Sumber: Reuters | Editor: Handoyo
KONTAN.CO.ID - WASHINGTON. Angkatan Udara Amerika Serikat (U.S. Air Force) pada Jumat mengumumkan bahwa pengiriman pesawat kepresidenan Air Force One generasi terbaru dari Boeing kembali mengalami penundaan, kali ini mundur hingga pertengahan 2028.
Penundaan terbaru ini menambah daftar keterlambatan dalam proyek strategis tersebut.
Penundaan ini berisiko semakin memicu ketidakpuasan Presiden Donald Trump, yang sebelumnya menyatakan keinginannya untuk dapat menggunakan pesawat Air Force One baru sebelum masa jabatannya berakhir pada Januari 2029.
Biaya Membengkak, Jadwal Molor Empat Tahun
Program pembangunan dua pesawat Air Force One baru saat ini menelan biaya lebih dari US$5 miliar. Pesawat Air Force One yang digunakan saat ini telah beroperasi sejak 1990, sehingga kebutuhan akan pengganti menjadi semakin mendesak.
Baca Juga: Boeing: Rencana Akuisisi Saham Trump Tak Berlaku Untuk Perusahaan Pertahanan Besar AS
Program Air Force One mencakup konversi dua pesawat Boeing 747-8 menjadi pesawat khusus yang dilengkapi sistem komunikasi canggih dan perlindungan pertahanan tingkat tinggi, guna mendukung mobilitas presiden Amerika Serikat.
Dengan target pengiriman 2028, proyek ini akan terlambat sekitar empat tahun dari jadwal awal.
Boeing: Proyek Terus Mengalami Kemajuan
Menanggapi penundaan tersebut, Boeing menyatakan pihaknya tetap membuat kemajuan dalam program ini.
“Fokus kami adalah menghadirkan dua pesawat Air Force One yang luar biasa bagi negara,” ujar Boeing dalam pernyataan resminya.
Pada 2018, Boeing memenangkan kontrak senilai US$3,9 miliar untuk membangun dua pesawat tersebut.
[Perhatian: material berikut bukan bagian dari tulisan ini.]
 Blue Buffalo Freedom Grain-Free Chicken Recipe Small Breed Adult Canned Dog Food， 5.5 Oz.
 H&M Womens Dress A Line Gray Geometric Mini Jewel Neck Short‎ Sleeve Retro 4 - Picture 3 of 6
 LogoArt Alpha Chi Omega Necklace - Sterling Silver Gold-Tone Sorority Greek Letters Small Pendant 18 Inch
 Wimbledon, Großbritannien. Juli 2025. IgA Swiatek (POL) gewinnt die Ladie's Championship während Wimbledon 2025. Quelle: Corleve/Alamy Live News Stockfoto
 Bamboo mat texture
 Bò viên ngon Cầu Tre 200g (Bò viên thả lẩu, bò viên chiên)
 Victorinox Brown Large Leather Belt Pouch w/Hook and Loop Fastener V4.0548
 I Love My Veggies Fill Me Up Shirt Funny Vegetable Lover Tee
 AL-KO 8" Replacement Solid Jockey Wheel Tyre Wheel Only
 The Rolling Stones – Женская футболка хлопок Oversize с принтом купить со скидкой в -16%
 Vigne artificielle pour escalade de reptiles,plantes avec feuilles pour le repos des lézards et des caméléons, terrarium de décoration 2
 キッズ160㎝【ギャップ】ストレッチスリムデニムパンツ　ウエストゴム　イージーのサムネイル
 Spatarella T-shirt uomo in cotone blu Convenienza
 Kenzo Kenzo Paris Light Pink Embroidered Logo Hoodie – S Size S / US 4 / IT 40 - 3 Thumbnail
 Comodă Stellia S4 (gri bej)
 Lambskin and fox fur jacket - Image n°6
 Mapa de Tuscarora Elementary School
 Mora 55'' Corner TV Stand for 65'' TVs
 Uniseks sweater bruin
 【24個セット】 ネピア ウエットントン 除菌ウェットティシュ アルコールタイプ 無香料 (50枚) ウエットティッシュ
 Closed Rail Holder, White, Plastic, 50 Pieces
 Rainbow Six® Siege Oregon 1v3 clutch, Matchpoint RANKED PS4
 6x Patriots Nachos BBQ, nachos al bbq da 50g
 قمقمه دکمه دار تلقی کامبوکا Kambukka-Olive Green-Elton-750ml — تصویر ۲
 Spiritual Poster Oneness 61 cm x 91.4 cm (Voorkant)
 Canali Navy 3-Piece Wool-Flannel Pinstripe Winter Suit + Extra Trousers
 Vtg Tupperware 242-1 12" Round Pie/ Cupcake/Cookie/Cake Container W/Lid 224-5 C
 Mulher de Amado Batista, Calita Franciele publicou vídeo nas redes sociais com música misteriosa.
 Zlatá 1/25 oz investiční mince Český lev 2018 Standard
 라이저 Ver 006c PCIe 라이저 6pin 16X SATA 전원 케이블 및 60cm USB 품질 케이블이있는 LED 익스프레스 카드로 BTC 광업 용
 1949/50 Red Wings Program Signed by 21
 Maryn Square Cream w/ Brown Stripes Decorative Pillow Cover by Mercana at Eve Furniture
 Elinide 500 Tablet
Namun, seiring meningkatnya biaya, Boeing telah mencatatkan beban kerugian sebesar US$2,4 miliar terhadap kinerja keuangannya dari proyek ini.
Jet Mewah dari Qatar Jadi Solusi Sementara
Di tengah keterlambatan tersebut, pada Mei lalu Amerika Serikat menerima pesawat Boeing 747 mewah sebagai hadiah dari Qatar. Gedung Putih kemudian meminta Angkatan Udara AS untuk memodifikasi pesawat tersebut secara cepat agar dapat digunakan sebagai Air Force One sementara.
Pemerintah AS menunjuk kontraktor pertahanan L3Harris Technologies untuk melakukan proses perombakan dan peningkatan sistem pesawat hadiah dari Qatar tersebut.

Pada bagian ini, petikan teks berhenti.